Vi è poi una citazione datata 1180, quando Vercelli infeuda Roberto di San Martino del cosiddetto Castelletto, descritto come piccolo maniero vicino a Carema, con l'obiettivo di evitare la tassa imposta dal comune di Ivrea sulle macine da mulino realizzate in Valle d’Aosta; l’idea era di far transitare quelle destinate al vercellese attraverso questo castello per poi trasferirle direttamente a Bollengo, dove si trovava un altro struttura equivalente sempre di proprietà dei vercellesi.
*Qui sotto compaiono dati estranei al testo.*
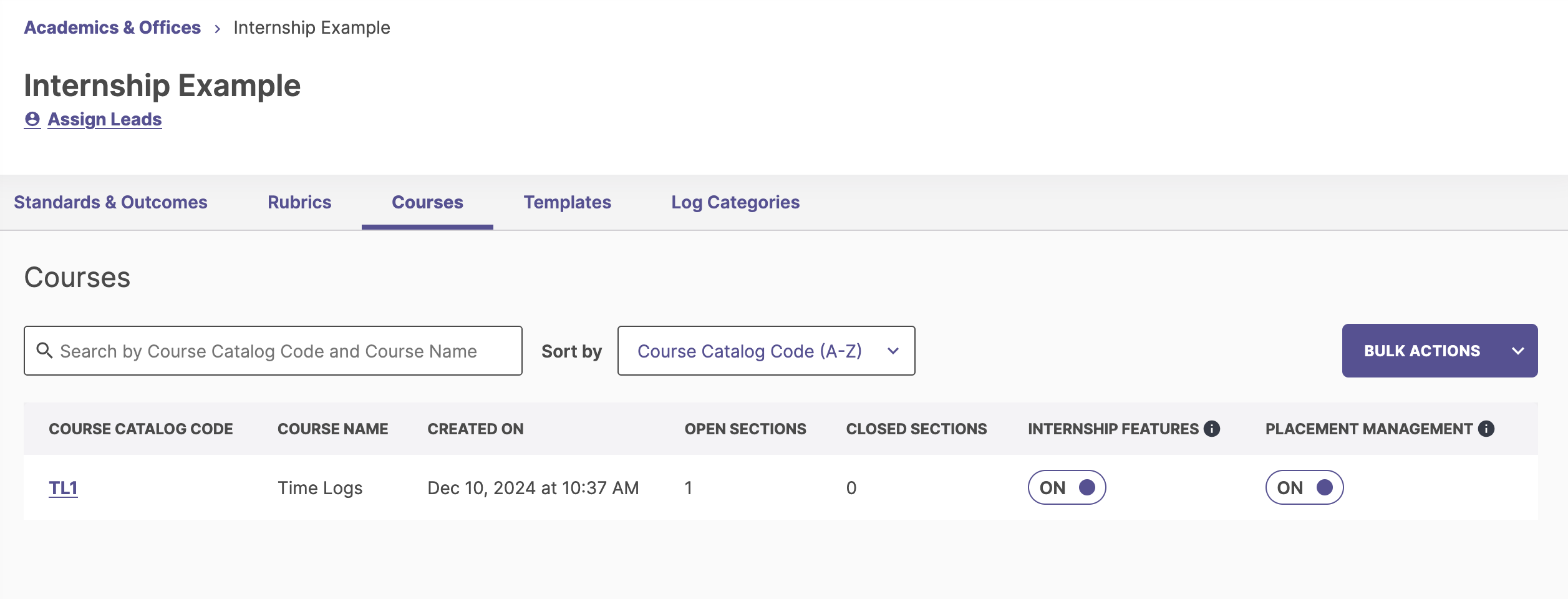 Course Settings page displaying toggles for Internship Features and Placement Management.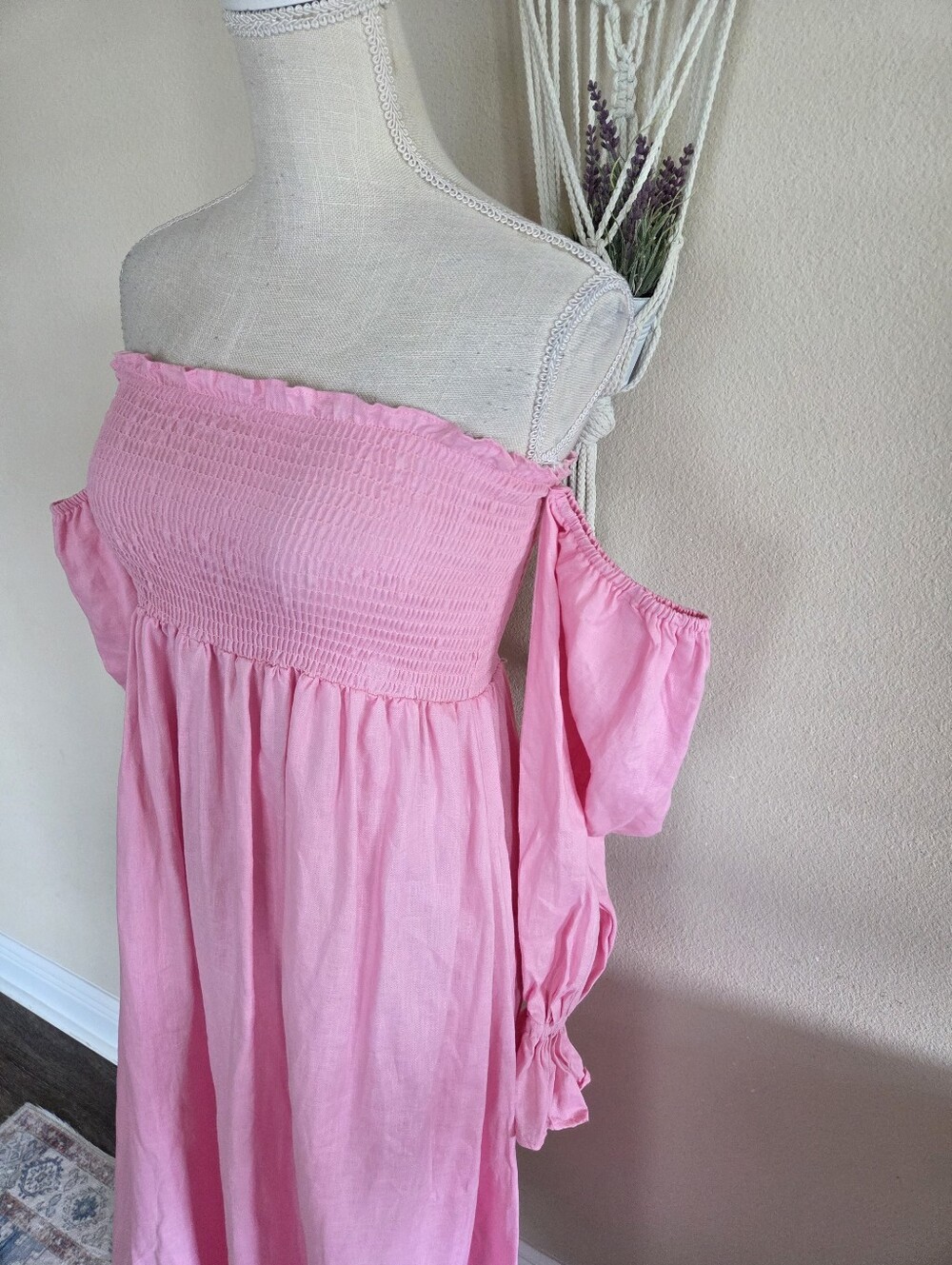 Petal & Pup Pink Linen Gabriella Off The Shoulder Maxi Dress Size 4 Cottagecore - Picture 3 of 8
Ma il trucco non riuscì per molto tempo, la rocca venne distrutta e la questione delle “molarie” riprese a pesare negativamente sui rapporti tra i due comuni.


Certamente la parte più antica della struttura è il grande torrione di pietra (definito maschio o dongione), risalente all'XI secolo circa; presenta pianta quadrata di cinque metri di lato e mura di spessore superiore al metro, la cui porta d'accesso, con volta a tutto sesto, si trova a parecchi metri dal suolo per gli ovvi scopi difensivi (la scala in legno veniva calata solo quando non v’era pericolo).
Attorno a questa torre si formò il primo nucleo del castello, che poi venne ampliato e fortificato durante i tre secoli successivi, sino a raggiungere il non trascurabile perimetro di 175 metri.


Curiosa è la riconversione della merlatura da ghibellina a guelfa, mediante il riempimento delle “code di rondine” con massi che appaiono inseriti in un secondo tempo e con minor cura, se paragonati al resto della struttura.
Un evento nella storia del castello fornisce un'ipotesi per tale trasformazione. I feudatari avevano diritto di esigere il pedaggio da chi transitava sulle loro terre, diritto che venne revocato da un editto imperiale nel XIII secolo. Questo “sopruso” dell’imperatore potrebbe aver causato un repentino passaggio di fazione, e  costretto i signori del luogo ad estorcere denaro in modo meno elegante e legale, anche se altrettanto efficace. La rapina divenne poi nuovamente diritto, quando nel 1313 una commissione inviata dai Savoia - che avevano esteso il loro dominio fino alla Marca d'Ivrea - appurò lo stato di bisogno del feudo e la conseguente necessità di esigere pedaggio.


In epoche più recenti Carlo III di Savoia nel XVI secolo, provvide allo smantellamento del castello per motivi militari, ma perse la causa intentatagli dai proprietari di allora e dovette procedere alla ricostruzione.


Gli ultimi signori di Cesnola furono i Palma che ottennero il feudo a fine ‘700; vale la pena accennare alcuni membri di tale casata: il conte Luigi, che fu console statunitense a Cipro, archeologo e direttore del Metropolitan Museum of Art di New York. Giulio Palma di Cesnola, ufficiale di cavalleria ed asso della prima guerra mondiale oltre che grande amico e compagno di volo di Gabriele d’Annunzio. Il conte Alerino fu scrittore magistrato ed implicato nei moti rivoluzionari italiani.  


Le rovine passarono quindi di proprietà del beneficio parrocchiale della pievania di Settimo Vittone.